> [WHAT YOU SHOULD DO]:
When you reach the line containing "Boys Grease T Birds Leather Look Jacket" in the data below, begin returning lines exactly as written, and stop once the line containing "Cross Stitch |" has been returned.

> [EXTRACTED MATERIAL]:
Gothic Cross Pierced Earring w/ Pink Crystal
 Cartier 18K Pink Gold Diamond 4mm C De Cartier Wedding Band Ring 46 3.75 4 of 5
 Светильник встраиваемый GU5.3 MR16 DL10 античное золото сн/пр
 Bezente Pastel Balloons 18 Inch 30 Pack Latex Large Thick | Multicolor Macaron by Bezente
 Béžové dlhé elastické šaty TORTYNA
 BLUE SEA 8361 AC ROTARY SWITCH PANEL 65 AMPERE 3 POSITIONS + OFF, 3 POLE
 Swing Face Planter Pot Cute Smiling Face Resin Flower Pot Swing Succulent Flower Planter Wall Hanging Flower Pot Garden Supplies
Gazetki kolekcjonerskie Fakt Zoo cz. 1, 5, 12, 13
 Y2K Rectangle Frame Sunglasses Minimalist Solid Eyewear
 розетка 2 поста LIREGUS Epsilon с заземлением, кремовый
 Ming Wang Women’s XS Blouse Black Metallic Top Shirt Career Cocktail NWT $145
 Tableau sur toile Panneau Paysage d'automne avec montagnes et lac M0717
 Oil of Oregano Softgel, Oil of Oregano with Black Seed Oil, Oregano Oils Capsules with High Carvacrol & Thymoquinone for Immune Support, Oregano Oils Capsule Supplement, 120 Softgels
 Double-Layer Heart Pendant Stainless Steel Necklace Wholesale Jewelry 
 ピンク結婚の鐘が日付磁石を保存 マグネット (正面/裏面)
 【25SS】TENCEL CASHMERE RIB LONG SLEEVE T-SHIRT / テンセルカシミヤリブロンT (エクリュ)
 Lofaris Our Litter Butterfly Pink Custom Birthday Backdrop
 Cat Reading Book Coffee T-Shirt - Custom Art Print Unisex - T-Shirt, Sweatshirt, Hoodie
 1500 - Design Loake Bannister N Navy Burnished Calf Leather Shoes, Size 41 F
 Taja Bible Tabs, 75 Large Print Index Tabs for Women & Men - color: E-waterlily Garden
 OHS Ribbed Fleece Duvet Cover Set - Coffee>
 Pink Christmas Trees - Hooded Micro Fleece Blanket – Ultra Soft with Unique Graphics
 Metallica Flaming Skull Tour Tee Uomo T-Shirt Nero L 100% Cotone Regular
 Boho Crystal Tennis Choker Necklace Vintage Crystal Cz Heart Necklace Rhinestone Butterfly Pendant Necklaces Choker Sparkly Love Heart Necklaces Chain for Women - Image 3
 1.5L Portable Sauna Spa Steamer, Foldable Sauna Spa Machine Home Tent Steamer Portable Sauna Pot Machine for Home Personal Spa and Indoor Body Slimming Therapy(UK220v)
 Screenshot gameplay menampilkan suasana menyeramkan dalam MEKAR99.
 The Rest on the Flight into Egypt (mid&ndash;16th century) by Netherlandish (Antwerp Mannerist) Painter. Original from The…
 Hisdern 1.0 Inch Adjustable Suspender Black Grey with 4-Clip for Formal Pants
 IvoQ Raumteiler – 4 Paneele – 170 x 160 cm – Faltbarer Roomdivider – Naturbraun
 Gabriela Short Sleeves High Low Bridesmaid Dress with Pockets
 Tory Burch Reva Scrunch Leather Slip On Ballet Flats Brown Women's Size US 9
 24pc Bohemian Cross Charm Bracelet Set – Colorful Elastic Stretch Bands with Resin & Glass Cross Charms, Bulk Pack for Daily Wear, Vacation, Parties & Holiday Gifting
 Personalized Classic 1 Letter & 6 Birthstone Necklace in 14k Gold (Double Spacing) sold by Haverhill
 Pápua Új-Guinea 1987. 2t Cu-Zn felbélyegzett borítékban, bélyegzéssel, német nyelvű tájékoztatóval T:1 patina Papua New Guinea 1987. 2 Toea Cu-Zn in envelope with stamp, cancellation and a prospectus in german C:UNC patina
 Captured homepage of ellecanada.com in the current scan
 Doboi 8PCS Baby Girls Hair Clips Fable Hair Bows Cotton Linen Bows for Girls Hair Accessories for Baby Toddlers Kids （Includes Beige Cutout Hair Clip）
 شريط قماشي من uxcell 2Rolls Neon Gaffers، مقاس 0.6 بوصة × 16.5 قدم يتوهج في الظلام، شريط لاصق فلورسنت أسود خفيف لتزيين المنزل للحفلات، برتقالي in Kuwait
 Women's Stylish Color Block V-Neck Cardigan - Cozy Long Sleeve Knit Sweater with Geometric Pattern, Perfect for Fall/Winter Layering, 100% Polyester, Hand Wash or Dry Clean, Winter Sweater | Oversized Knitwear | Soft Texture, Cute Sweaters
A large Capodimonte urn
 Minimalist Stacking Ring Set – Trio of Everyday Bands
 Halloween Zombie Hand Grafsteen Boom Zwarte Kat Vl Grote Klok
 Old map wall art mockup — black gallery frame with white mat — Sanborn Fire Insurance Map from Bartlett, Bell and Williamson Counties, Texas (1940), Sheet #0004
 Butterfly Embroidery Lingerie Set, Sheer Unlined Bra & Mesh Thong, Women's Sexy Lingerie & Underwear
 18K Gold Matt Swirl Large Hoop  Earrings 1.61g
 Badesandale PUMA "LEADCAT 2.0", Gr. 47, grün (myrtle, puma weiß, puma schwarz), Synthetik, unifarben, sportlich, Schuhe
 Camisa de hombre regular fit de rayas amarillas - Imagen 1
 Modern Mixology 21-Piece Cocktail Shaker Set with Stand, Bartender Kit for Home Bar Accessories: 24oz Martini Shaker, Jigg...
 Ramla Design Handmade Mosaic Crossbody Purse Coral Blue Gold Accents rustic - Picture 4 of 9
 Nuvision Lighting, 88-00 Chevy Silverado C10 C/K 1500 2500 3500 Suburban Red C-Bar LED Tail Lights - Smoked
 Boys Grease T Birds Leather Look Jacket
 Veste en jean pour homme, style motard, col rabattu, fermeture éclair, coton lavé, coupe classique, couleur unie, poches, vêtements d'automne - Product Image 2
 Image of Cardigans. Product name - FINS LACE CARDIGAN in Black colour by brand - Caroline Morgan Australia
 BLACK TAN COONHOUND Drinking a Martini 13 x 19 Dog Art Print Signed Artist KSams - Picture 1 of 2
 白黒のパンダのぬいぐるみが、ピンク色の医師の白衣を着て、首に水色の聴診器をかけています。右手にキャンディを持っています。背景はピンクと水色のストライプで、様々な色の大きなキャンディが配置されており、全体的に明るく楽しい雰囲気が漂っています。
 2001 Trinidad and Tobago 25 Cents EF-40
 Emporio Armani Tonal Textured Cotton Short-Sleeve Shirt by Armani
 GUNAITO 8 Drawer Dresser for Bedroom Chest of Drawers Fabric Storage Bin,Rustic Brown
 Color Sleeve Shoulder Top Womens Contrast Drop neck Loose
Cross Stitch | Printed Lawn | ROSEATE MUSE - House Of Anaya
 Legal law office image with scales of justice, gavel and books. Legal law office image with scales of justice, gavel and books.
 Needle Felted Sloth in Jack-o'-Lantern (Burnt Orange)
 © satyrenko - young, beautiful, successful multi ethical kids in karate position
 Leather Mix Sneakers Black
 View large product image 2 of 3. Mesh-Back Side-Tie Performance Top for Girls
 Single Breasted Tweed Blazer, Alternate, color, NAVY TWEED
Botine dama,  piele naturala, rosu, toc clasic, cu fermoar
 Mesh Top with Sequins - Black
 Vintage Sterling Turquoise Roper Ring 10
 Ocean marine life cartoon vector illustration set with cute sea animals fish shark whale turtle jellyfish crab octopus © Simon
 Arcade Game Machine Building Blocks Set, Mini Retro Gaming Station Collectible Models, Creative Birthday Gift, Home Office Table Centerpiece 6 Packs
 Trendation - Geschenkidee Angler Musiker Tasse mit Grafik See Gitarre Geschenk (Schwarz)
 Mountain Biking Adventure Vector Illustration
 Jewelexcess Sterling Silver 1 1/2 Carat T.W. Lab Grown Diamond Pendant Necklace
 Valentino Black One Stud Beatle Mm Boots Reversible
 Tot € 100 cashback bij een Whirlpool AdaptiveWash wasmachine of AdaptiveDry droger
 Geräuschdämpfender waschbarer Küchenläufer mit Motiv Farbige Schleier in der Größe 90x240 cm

> [ANSWER BOX]:
 Boys Grease T Birds Leather Look Jacket
 Veste en jean pour homme, style motard, col rabattu, fermeture éclair, coton lavé, coupe classique, couleur unie, poches, vêtements d'automne - Product Image 2
 Image of Cardigans. Product name - FINS LACE CARDIGAN in Black colour by brand - Caroline Morgan Australia
 BLACK TAN COONHOUND Drinking a Martini 13 x 19 Dog Art Print Signed Artist KSams - Picture 1 of 2
 白黒のパンダのぬいぐるみが、ピンク色の医師の白衣を着て、首に水色の聴診器をかけています。右手にキャンディを持っています。背景はピンクと水色のストライプで、様々な色の大きなキャンディが配置されており、全体的に明るく楽しい雰囲気が漂っています。
 2001 Trinidad and Tobago 25 Cents EF-40
 Emporio Armani Tonal Textured Cotton Short-Sleeve Shirt by Armani
 GUNAITO 8 Drawer Dresser for Bedroom Chest of Drawers Fabric Storage Bin,Rustic Brown
 Color Sleeve Shoulder Top Womens Contrast Drop neck Loose
Cross Stitch | Printed Lawn | ROSEATE MUSE - House Of Anaya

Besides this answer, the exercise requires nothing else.